▶ Recorded information:

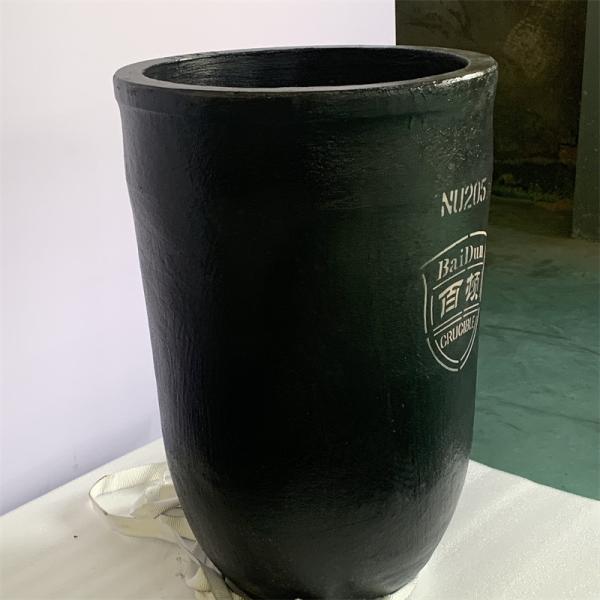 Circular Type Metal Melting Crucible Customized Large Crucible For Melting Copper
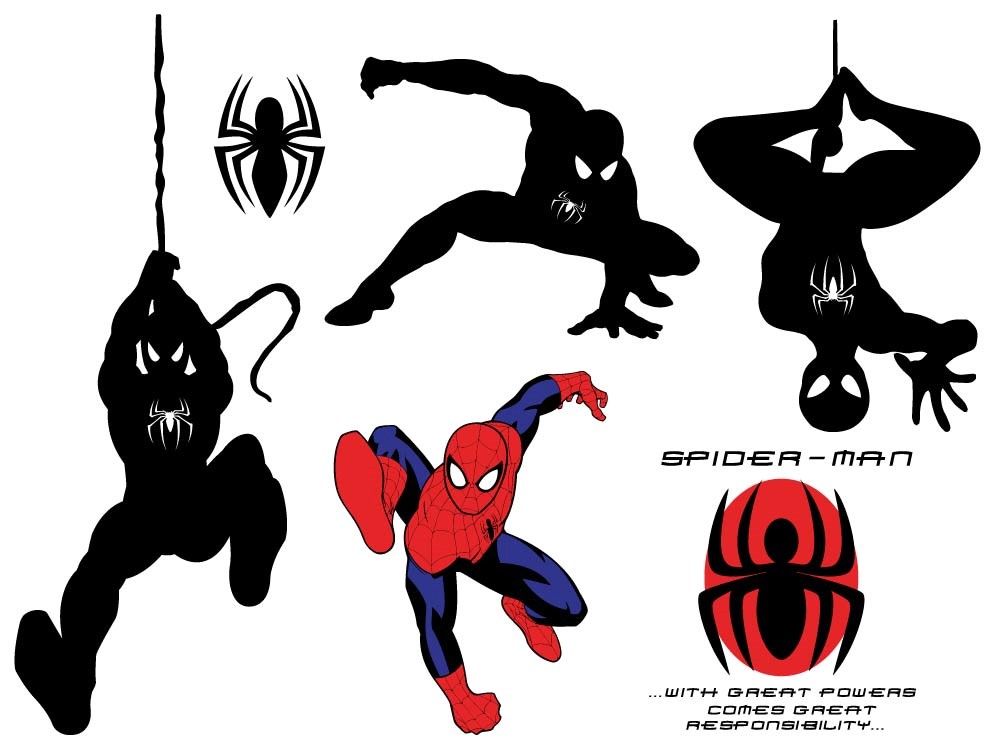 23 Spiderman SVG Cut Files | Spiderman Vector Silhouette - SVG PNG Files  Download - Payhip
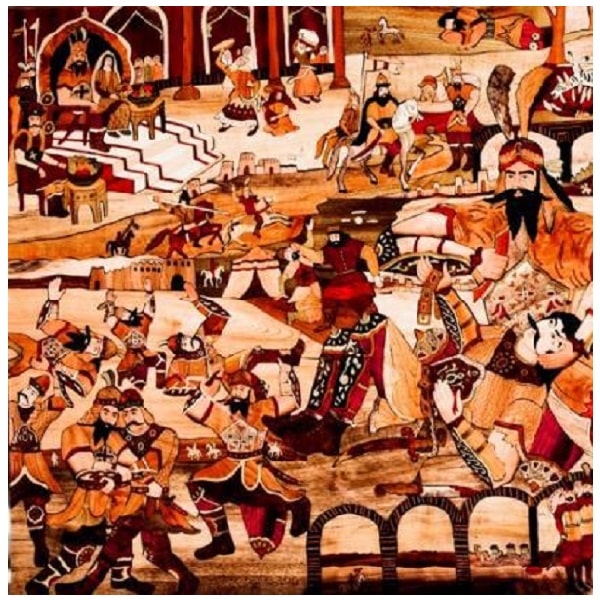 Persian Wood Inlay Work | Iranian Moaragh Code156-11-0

▶ Task directions: Copy the line showing "23 Spiderman SVG" exactly, along with each line after it through the end of the material above. Pictures stay out.

▶ Task response:
 23 Spiderman SVG Cut Files | Spiderman Vector Silhouette - SVG PNG Files  Download - Payhip
 Persian Wood Inlay Work | Iranian Moaragh Code156-11-0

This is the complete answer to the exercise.